Bruno Le Maire plaide pour "moins glamour mais plus efficace"

Pour Ensemble pour la République, Bruno Le Maire a ensuite jugé les projets de l'extrême droite et de l'extrême gauche "à contretemps" et s’est dit "stupéfait de voir que ceux qui n'ont cessé pendant la crise du Covid de demander de dépenser plus" lui reprochent aujourd'hui d'avoir trop dépensé.

Selon l’actuel ministre de l’Économie, si le RN remporte les élections législatives, "sept années de travail peuvent être foutues en l'air par sept jours de décisions".

"Ne cédez pas aux sirènes du Rassemblement national, on est peut-être moins glamour, mais plus efficace", a-t-il martelé devant l’auditoire.

Bruno Le Maire a assuré vouloir "continuer à indexer les retraites sur l’inflation", "aller très loin" sur la simplification des normes administratives pour les entreprises et "rouvrir des négociations avec EDF" sur les contrats d’électricité "à long terme" des entreprises.

Concernant les aides à l’apprentissage, qui ont massivement boosté le système, Bruno Le Maire a suggéré de supprimer les primes à l’embauche "à partir d’un niveau Bac + 5, Bac + 6". Il entend toutefois ouvrir ce débat "tout en continuant à soutenir massivement les CFA, les apprentis, les formations qui vont avec parce qu’on a réussi à faire de l’apprentissage une voie d’excellence".

Bruno Retailleau alerte sur le problème de soutenabilité

Dernier intervenant lors de ce grand oral : Bruno Retailleau, le président du groupe LR au Sénat.
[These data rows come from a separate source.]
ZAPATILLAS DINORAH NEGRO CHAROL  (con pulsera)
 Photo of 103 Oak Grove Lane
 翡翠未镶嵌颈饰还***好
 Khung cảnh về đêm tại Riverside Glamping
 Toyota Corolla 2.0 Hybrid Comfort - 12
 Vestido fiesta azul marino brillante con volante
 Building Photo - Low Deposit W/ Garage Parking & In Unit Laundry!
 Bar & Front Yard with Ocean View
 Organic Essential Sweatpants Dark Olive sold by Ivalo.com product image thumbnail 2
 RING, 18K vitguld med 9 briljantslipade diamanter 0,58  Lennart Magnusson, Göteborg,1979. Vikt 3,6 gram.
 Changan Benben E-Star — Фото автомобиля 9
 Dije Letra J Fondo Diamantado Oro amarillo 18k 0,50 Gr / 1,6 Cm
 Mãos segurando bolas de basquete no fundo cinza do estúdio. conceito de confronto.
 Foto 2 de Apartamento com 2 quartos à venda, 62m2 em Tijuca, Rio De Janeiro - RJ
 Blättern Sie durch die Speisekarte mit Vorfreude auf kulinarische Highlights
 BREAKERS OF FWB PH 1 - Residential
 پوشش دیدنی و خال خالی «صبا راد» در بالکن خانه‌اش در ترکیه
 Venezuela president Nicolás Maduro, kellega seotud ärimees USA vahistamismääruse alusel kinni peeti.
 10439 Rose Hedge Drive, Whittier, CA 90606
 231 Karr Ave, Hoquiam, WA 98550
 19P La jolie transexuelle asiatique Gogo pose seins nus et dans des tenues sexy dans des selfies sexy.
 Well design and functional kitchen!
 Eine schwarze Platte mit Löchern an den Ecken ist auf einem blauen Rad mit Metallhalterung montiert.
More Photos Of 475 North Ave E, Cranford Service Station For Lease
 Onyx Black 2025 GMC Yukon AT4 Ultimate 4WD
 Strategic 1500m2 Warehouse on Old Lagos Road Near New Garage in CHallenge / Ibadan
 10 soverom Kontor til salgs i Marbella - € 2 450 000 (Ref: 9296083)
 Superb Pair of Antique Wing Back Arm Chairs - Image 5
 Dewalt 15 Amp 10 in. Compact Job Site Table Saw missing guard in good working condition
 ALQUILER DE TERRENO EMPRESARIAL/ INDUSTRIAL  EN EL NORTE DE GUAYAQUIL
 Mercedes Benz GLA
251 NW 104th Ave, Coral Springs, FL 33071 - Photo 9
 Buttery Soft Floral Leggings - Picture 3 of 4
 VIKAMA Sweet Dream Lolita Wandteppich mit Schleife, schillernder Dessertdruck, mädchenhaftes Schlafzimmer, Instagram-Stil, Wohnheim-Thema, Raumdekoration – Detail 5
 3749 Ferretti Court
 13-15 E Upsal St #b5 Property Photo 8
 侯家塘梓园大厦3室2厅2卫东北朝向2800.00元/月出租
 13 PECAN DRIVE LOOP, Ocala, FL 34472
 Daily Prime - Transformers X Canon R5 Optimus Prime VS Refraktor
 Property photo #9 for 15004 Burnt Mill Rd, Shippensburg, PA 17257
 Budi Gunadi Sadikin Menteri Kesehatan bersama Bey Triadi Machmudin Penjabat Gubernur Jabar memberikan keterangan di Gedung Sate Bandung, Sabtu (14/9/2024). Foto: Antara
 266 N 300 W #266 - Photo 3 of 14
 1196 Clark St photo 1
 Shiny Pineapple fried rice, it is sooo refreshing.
Celui-ci a estimé que la réforme de l'État faisait partie "des grandes réformes à faire" : et que "les intérêts de la dette absorberont la totalité de l’impôt sur le revenu" en 2027 .

Selon le sénateur, "on approche d'une situation critique où il se pourrait qu'on ait un problème de soutenabilité." 

"Ne pensez pas que la France, c'est too big, too fail", a-t-il souligné.

Le patronat toujours sceptique

Avant même le début de ses auditions, le Medef avait jugé mercredi 19 juin les programmes du RN et du Nouveau Front populaire "dangereux" pour l’économie, estimant qu’ils provoqueraient "des hausses d’impôts, le départ des investisseurs étrangers et des faillites massives d’entreprises, donc des destructions d’emplois".

Invité de la matinale de RTL le jeudi 20 juin, Michel Picon, président de l'U2P, avait lui aussi évoqué des propositions "un peu fortes et attrape-tout", voire "insupportables", comme le passage brutal du Smic à 1.600 €, dont l’impact serait conséquent pour les petites entreprises.

A l'issue de ce grand oral, le président du Medef Patrick Martin dit être "resté sur sa faim" : "Pour le Rassemblement national, il y a quand même des ambiguïtés sur le chiffrage. Du côté du Front Populaire, il y a ce pari qui n’a jamais marché, celui de la relance par la consommation. En 81, il y a eu le virage de la rigueur derrière".